Both the influential tax-writing House Ways and Means Committee and the Senate Finance Committee will be taking a close look at private pension plans during hearings this week. Moreover, sources indicate that there is now strong bipartisan support within both committees (as well as both chambers of Congress) for liberalizing requirements for IRAs and Keoghs.
Revisions being discussed could add up the most sweeping alterations in individual retirement accounts since the mid-1970s. Hundreds of thousands of workers now unable to take out IRAs because of participation in corporate pension plans might be allowed to jump aboard the IRA bandwagon.
Moreover, there is strong support for lifting contribution limits on both plans, now set at $1,500 for IRAs and $7,500 for Keoghs.
Keogh plans (which began in 1963) are tax-saving retirement accounts for self-employed professional people.
The main attention in Congress is on IRA's, which were designed for working persons employed by others.
IRAs -- first set up back in 1974 -- were authorized by the Employee Retirement Income Security Act. Under the IRA concept, individuals not covered in a "qualified" private pension plan at their place of employment can invest 15 percent of their annual income up to $1,500 in an IRA.
The contribution is tax deductible, and taxes on interest earnings are deferred until withdrawn. That is usually upon retirement.
Under a "spousal" IRA, where the spouse has no earned income, the couple can set aside up to $1,750.
The main drawback of IRAs, however, is that even if workers are covered by a company plan for only a short period of time, during that time they cannot contribute to an IRA.
Again, even if the company plan is financially modest, with little benefit in the long run, the employee is still prohibited from participating in an IRA.
"That's the main criticism about IRAs that we're now getting from all over the US," an official of the Senate Finance Committee argues. "There's a real question of fairness involved here, since the people that most need adequate retirement income -- working people -- are too often saddled with limited private pension plans. Yet, they can't set up their own plan, even if they have the extra earnings to do so."
According to Senate Finance Committee sources, it is now assumed that an IRA liberalization law will make it through Congress by next spring.
The reasons are twofold. There are strong pressures from thrift institutions and life insurance companies (which have been heavily lobbying Congress for changes in existing pension plan laws). There is also the matter of the presidential election campaign.
"This is a natural legislative program where a lawmaker can be for programs to boost capital investment and at the same time seek tax relief for the middle class and small saver," says an aide with the House Ways and Means Committee.
Al Ullman, chairman of the Ways and Means Committee, is proposing raising deductible limits allowed on IRAs. His suport is considered particularly crucial.
Meantime, some outside investment groups here are working hard to change the "usages" of IRAs. Funds put in such an account are now considered "locked in" until age 59 1/2, when they can be withdrawn for "retirement purposes." But until that age, any withdrawal must be offset by a severe tax penalty, amounting to 10 percent of the total taken out of the account.

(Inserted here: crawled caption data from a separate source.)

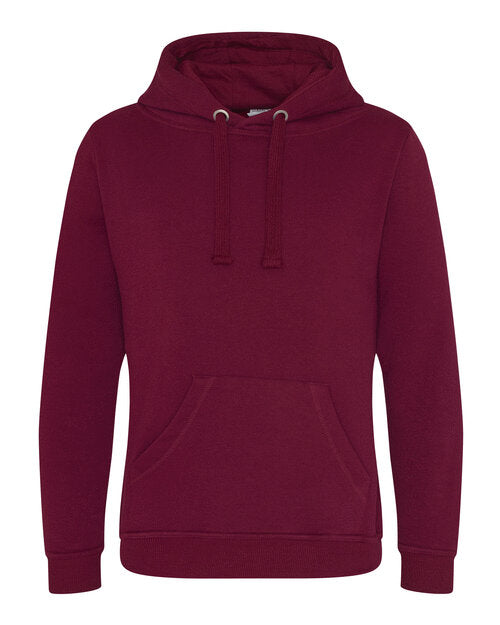 Just Hoods by AWDis Graduate Heavyweight Hoodie - JH101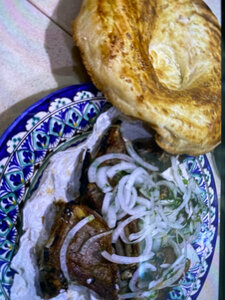 Gurman (Alma-Atinskaya Street, 1) ، مقهى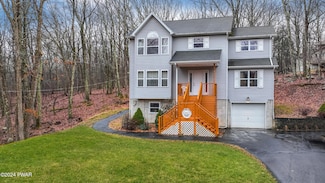 135 Fall Ct Unit 578, Dingmans Ferry, PA 18328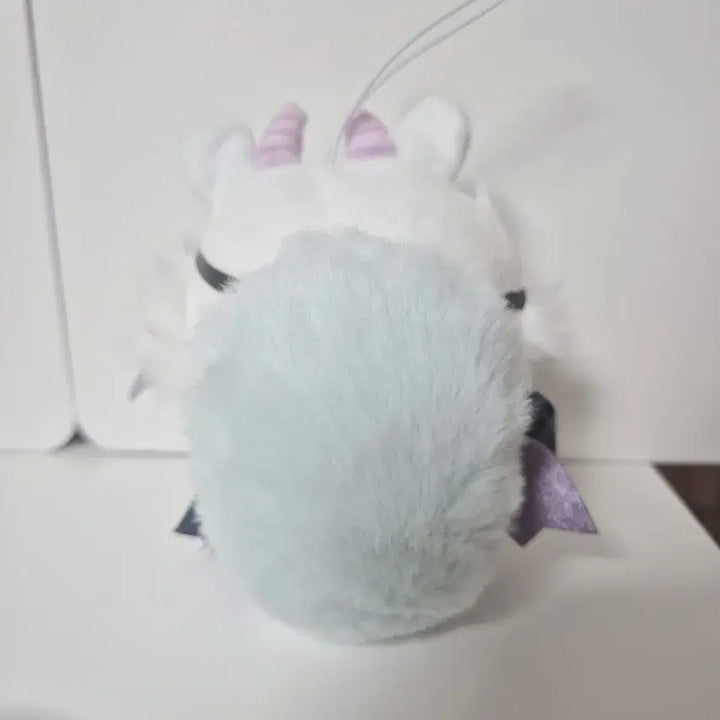[BUNJANG] Chiikawa Demon Momonga Plush Mascot Doll / 정품)치이카와 악마 모몽가 누이 마스코트 인형
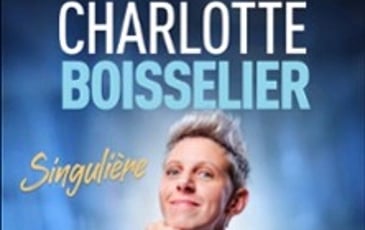 Charlotte Boisselier, Singulière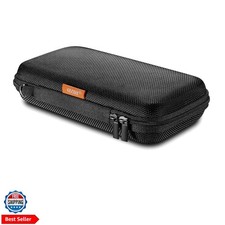 Portable Protection Hard EVA Case for External Battery,Cell Phone,GPS,Hard Dr...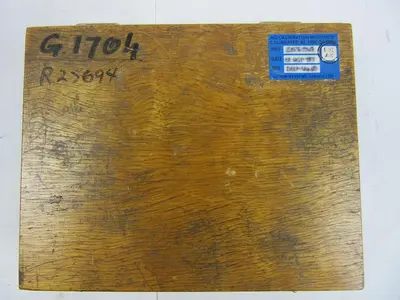 john bull dial indicator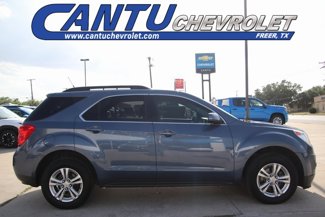 Used 2012 Chevrolet Equinox LT w/ Driver Convenience Package image 1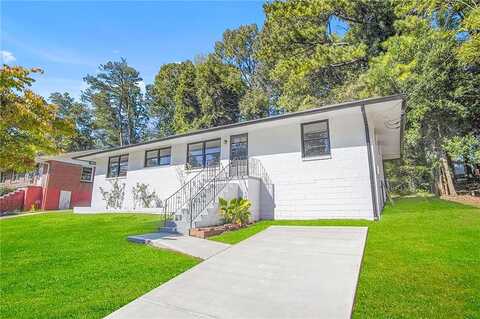 Valleyview, FOREST PARK, GA 30297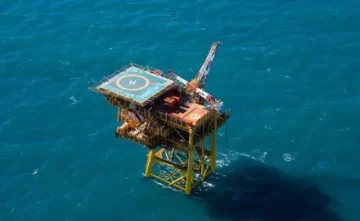 Aprueban estudio de impacto para la exploración offshore frente a Necocheano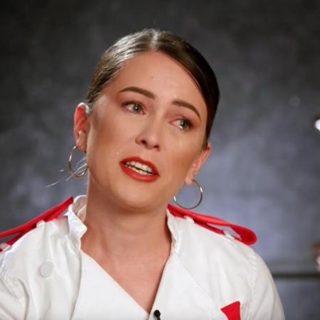Drama prin care trece Nina Hariton, una din cele mai bune concurente de la ,Chefi la cuțite'.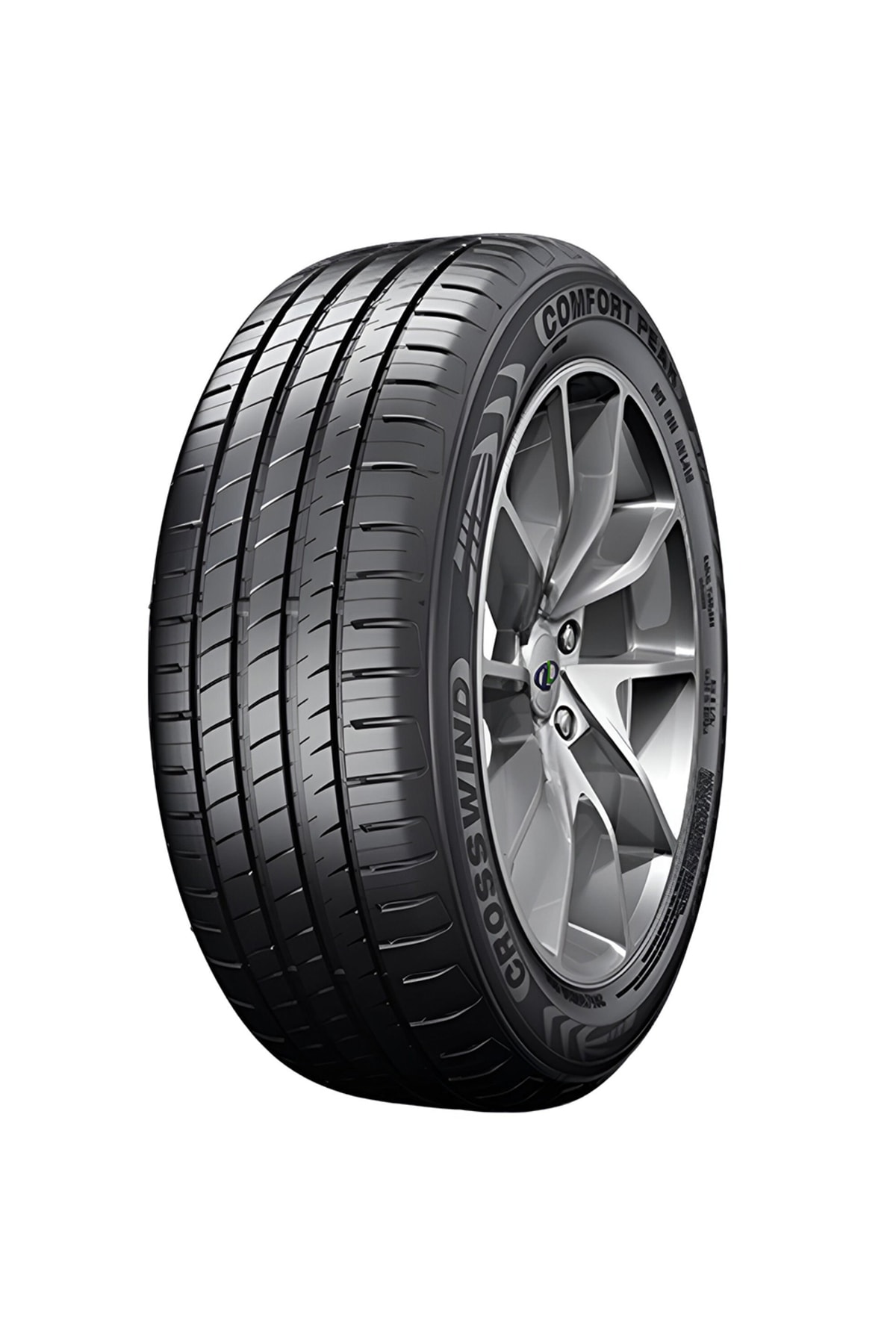 Crosswind 185/65R15 88H Comfort Peak (Yaz) (2025)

The Investment Company Institute, the main trade arm for the US mutual fund industry, is seeking to modify that rule to allow withdrawals without a tax penalty for the purchase of a first-time home, or payment for college education, or vocational training for children.
According to David Silver, president of the institute, the tax penalty provides "little revenue" for the Treasury. Expanding the usages of IRAs, he argues, would greatly "stimulate" their popularity with low- and middle-income families.

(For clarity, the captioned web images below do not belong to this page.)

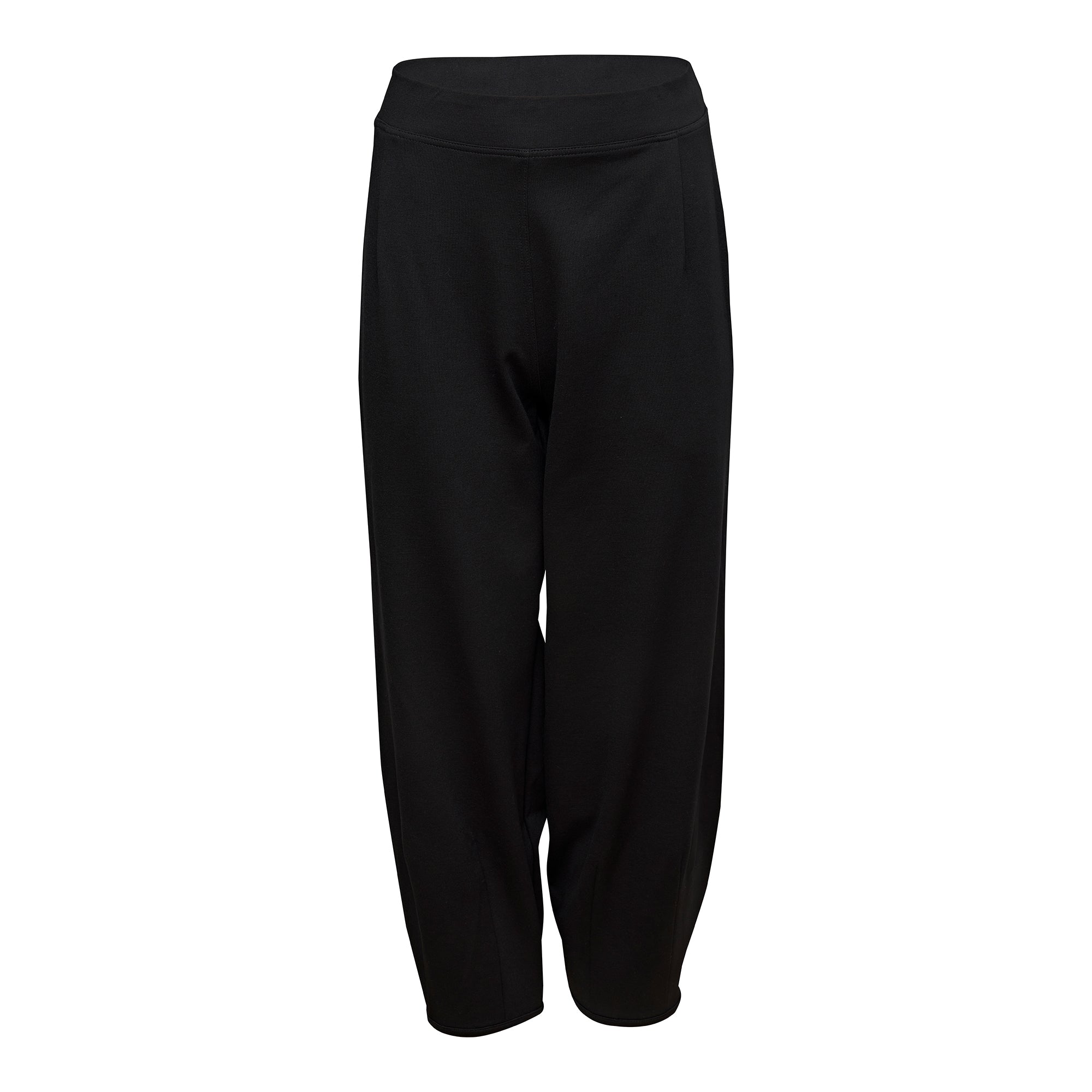 E-Avantgarde - Broek 13961 - Black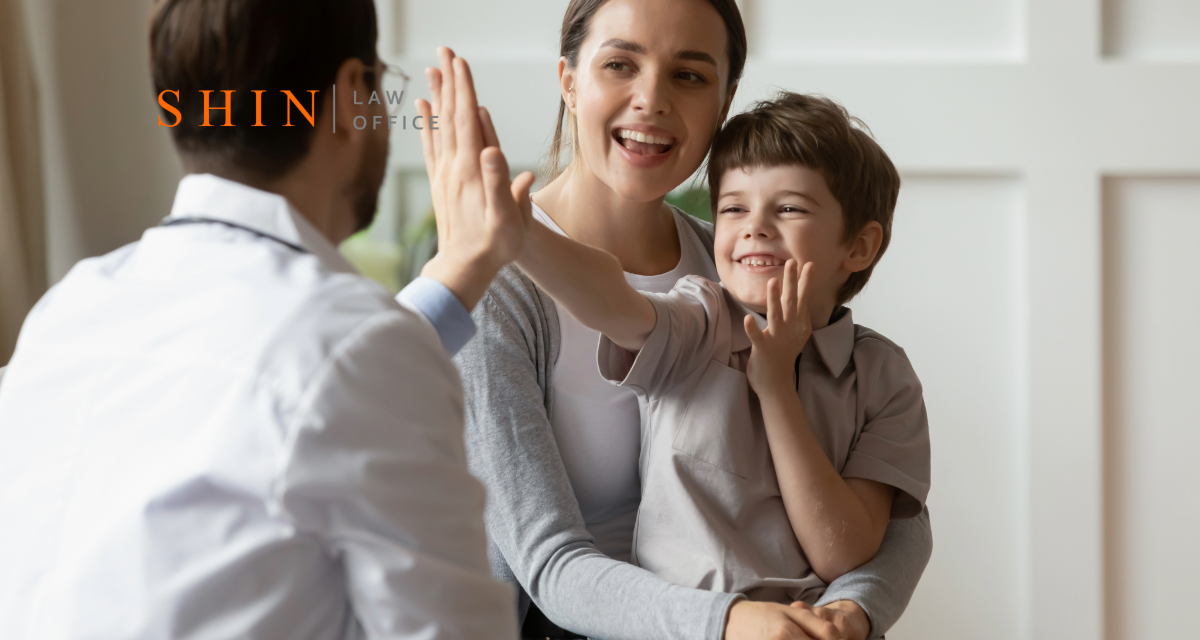 How to Establish Guardianship in Loudoun County: A Step-by-Step Guide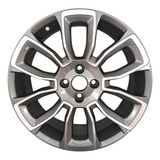 Roda Avulsa Aro 17 Vw Saveiro Cross Zunky Zk 630 6632 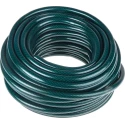 RS PRO Reinforced PVC Hose Pipe 30 m Length, 10 bar Pressure, 12 mm ID, 15.3 mm OD 330-0858
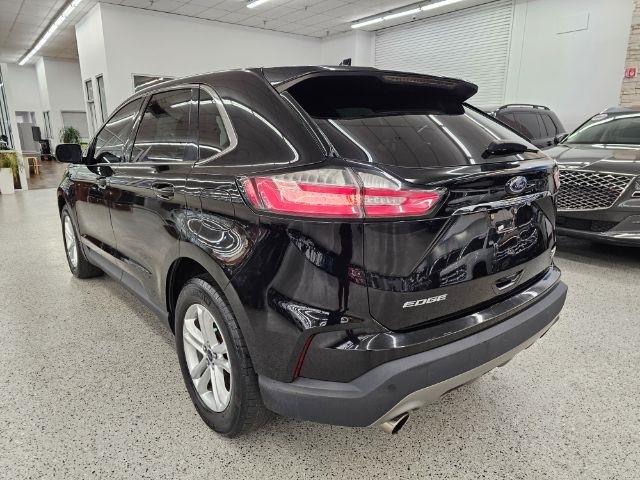 Ford Edge SEL AWD 2019
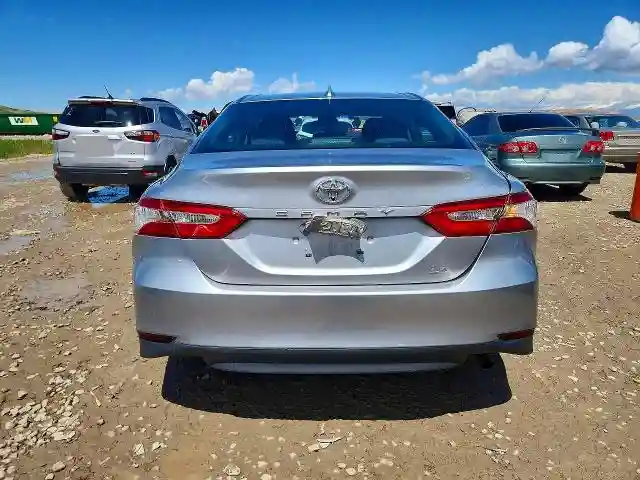 4T1C11AK3LU916566 2020 TOYOTA CAMRY-5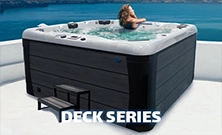 Deck Series Palm Coast hot tubs for sale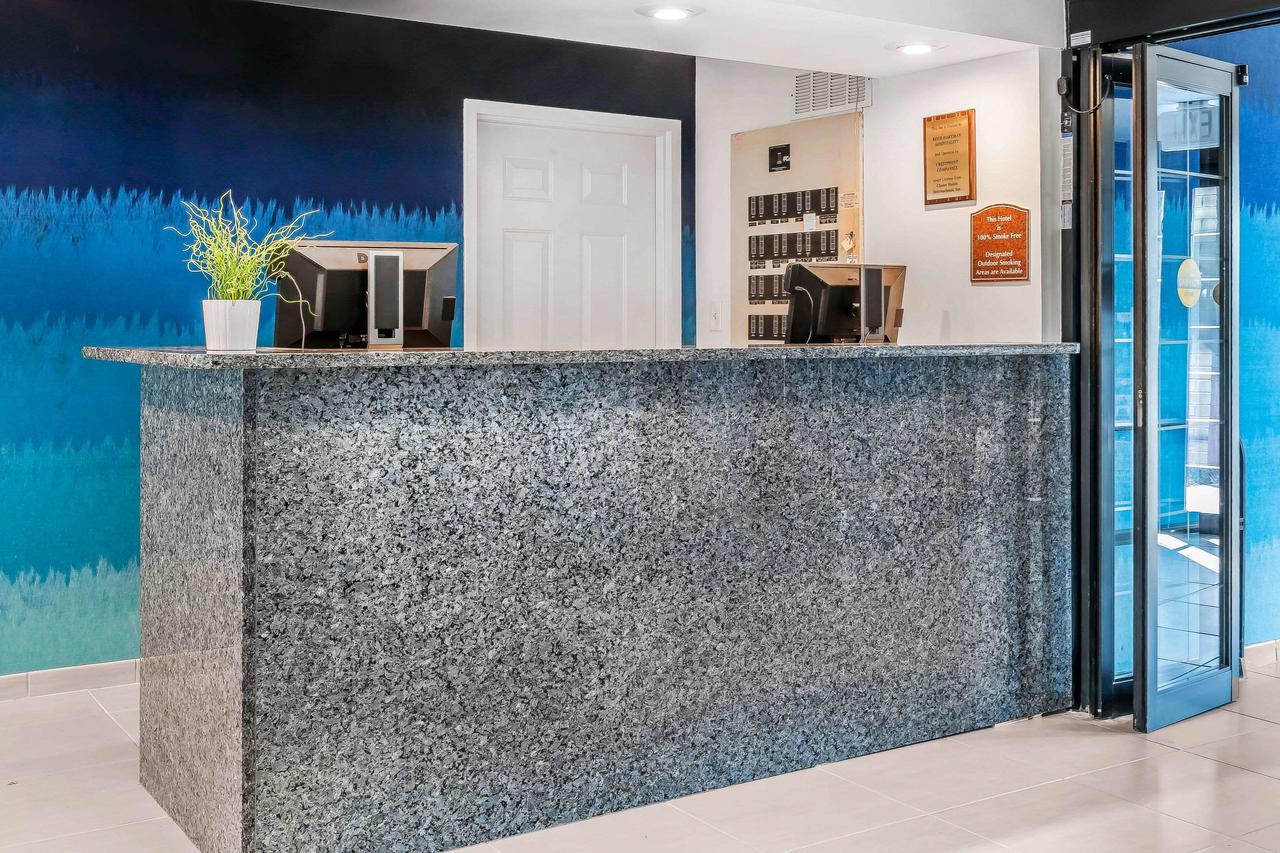 The Blu Hotel, An Ascend Hotel Collection Member - thumb 11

Legislation to allow home purchases and education expenditures has been introduced in both chambers of Congress.
The US Treasury continues to oppose any major boost in the deductible ceilings for IRAs and Keoghs. It argues that such an expansion would mean additional losses of tax revenue and enlarge the budget deficit.
Whether the Treasury will be able to prevail with its views, however -- given the increasing desire of many lawmakers to expand pension plan benefits to more low and moderate American taxpayers -- is considered questionable.